Despite that, most members of direct action groups were positive about the opportunity to march in coalition with established NGOs, even if some regarded it as a somewhat belated joining of forces.

Simon Russell, of the Hunt Saboteurs Association, said: “In the wider realms we are obviously all on the same line. We can see the damage done to wildlife and the environment, and we want to see that improving. There’s more links and stuff we agree on than stuff we don’t.”

James Skeet, a spokesperson for Just Stop Oil, said: “It’s a promising sign. It certainly wouldn’t have happened a few years back and the hope is that this is the radical flank effect in action. We are viewing it as a mobilising opportunity.

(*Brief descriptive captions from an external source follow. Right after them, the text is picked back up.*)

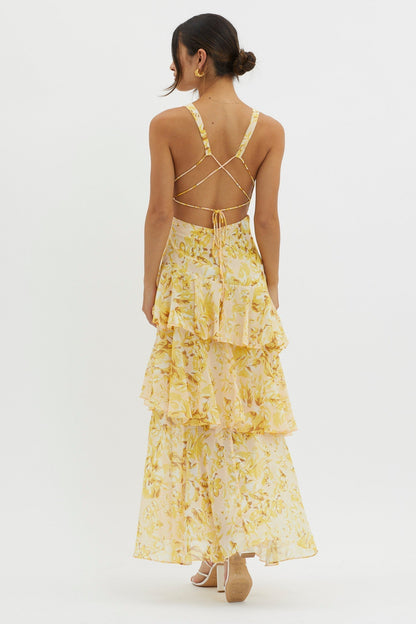 Francisca Floral Maxi Dress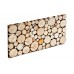 Мозаика деревянная 3D серия «поперечный срез» №1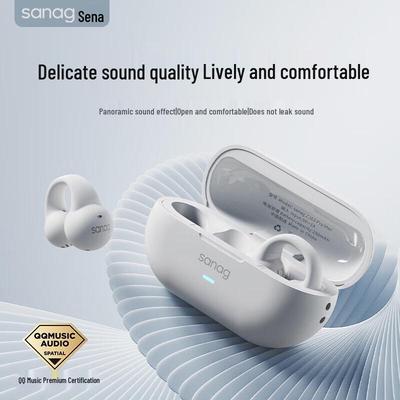 SANAG Z36 Open-Ear Clip-On Bluetooth Sports Headphones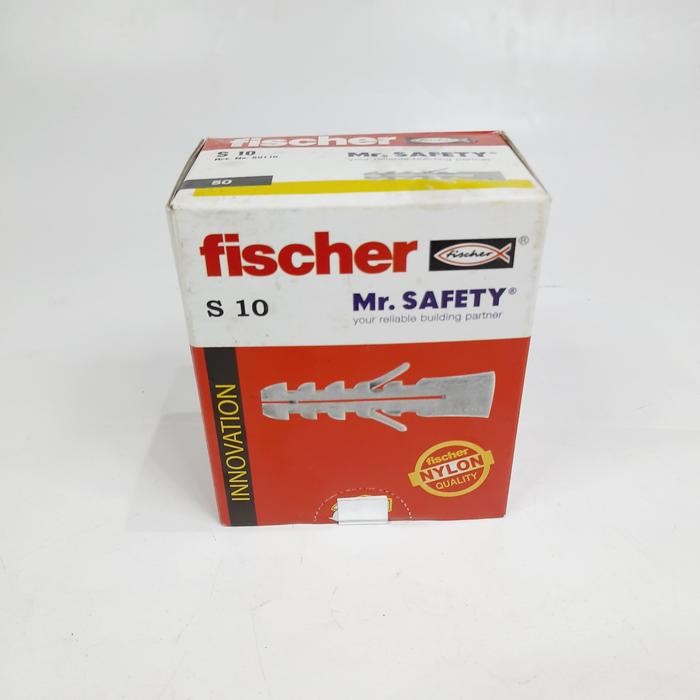 Angkur Fischer / Fischer / Fischer S 10 Box ( 50 Pcs ) ASLI ORI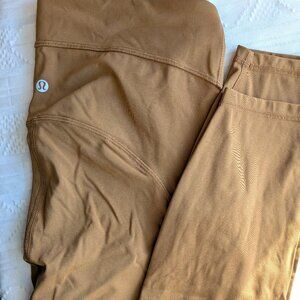 LULULEMON Power thru high rise tight 25"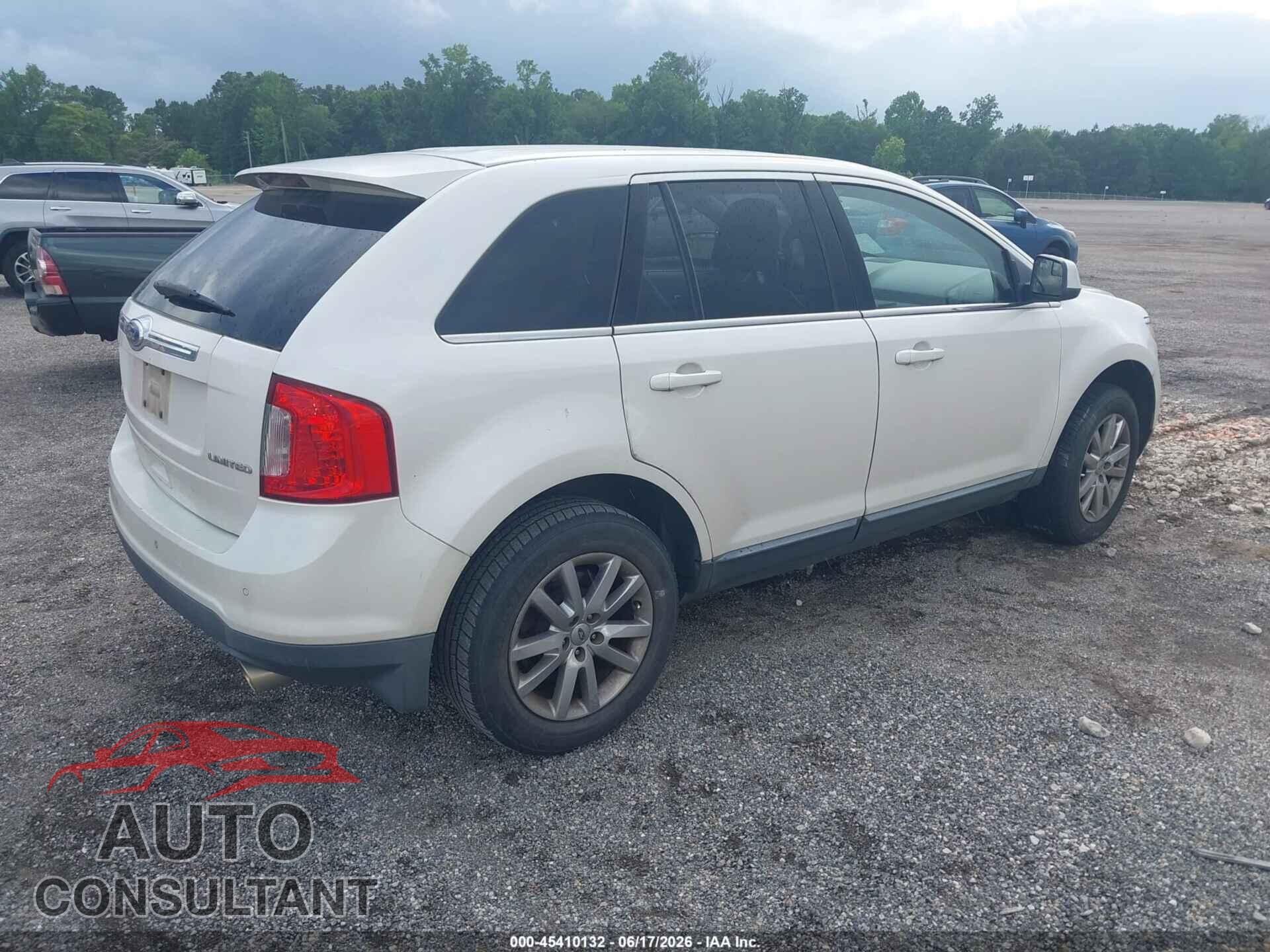 FORD EDGE 2011 - 2FMDK3KC6BBA39385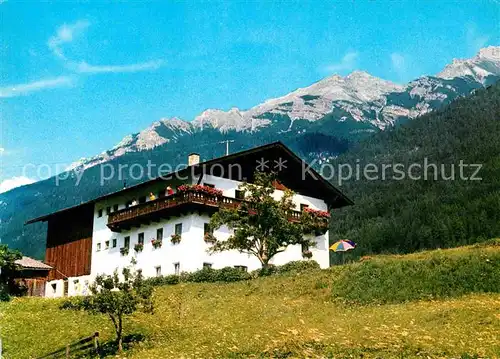 AK / Ansichtskarte Neustift Stubaital Tirol Fleckhof Kat. Neustift im Stubaital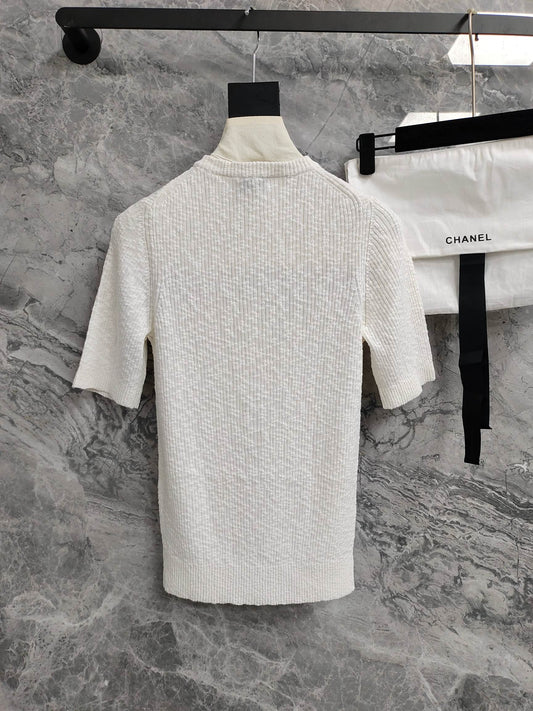 Chan 25ss knit shirt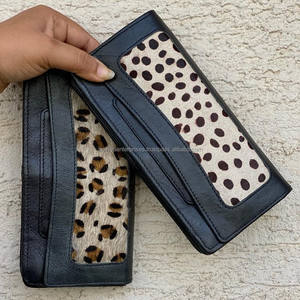 กระเป๋าสตางค์หนังวัวสำหรับผู้หญิงกระเป๋าสตางค์สำหรับ2024หนังวัวแท้ดีไซน์หรูหราคลาสสิกสินค้าใหม่ - Product Image 3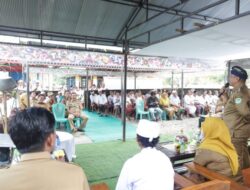 Panen Melimpah, Bupati Apresiasi Tradisi Ngaturan Sarin Tahun di Desa Benteng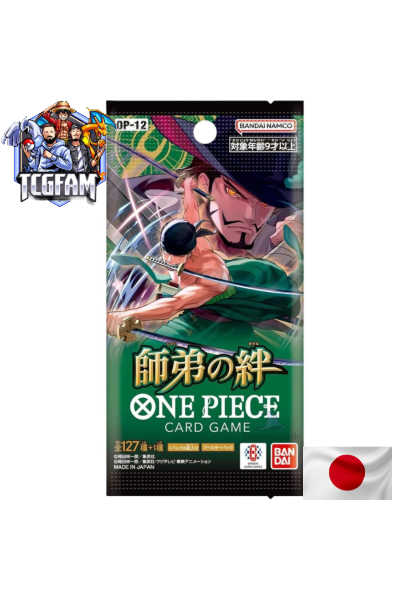 One Piece - OP12 - JAP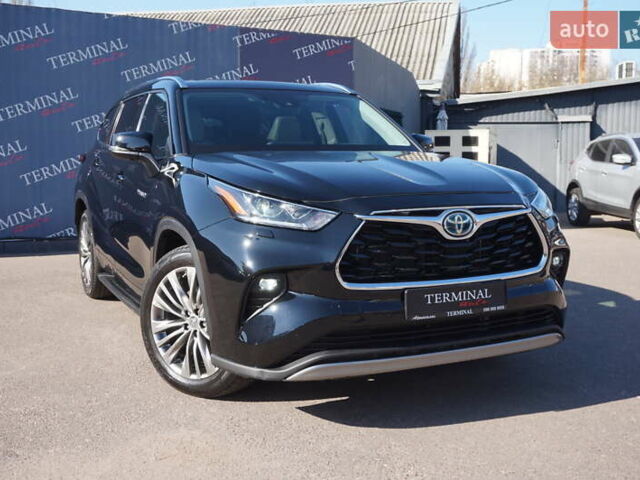 Тойота Хайлендер 2021 у Одесі на Automoto.ua Чорний Тойота Хайлендер, об'ємом двигуна 2.49 л та пробігом 32 тис. км за 41500 $, фото 75 на Automoto.ua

“We obviously have a mix of a bit of frustration at times with where the NGO space is at – the response is a bit lacklustre given where we are at, in terms of how critical things are in 2024.”

Caroline Lucas, the outgoing Green MP, recently criticised NGOs for “playing it safe”, keeping “a distance from rebels and rule-breakers” and failing to challenge the ideology of the sanctity of economic growth.

Lucas said environmental campaigners needed to spend more time talking to people who were yet to be persuaded about the urgency of tackling the triple crisis of climate, nature and inequality rather than “talking to each other on Twitter”.

Avery said he agreed with Lucas and added: “Some of the long-established NGOs have become less challenging in recent years and they are the people who keep telling us there’s a nature crisis.”

According to Avery, nature charities are often held back by trustees who should be asking “not is it making as much money as it can from selling scones or bird food but is it changing the world enough?”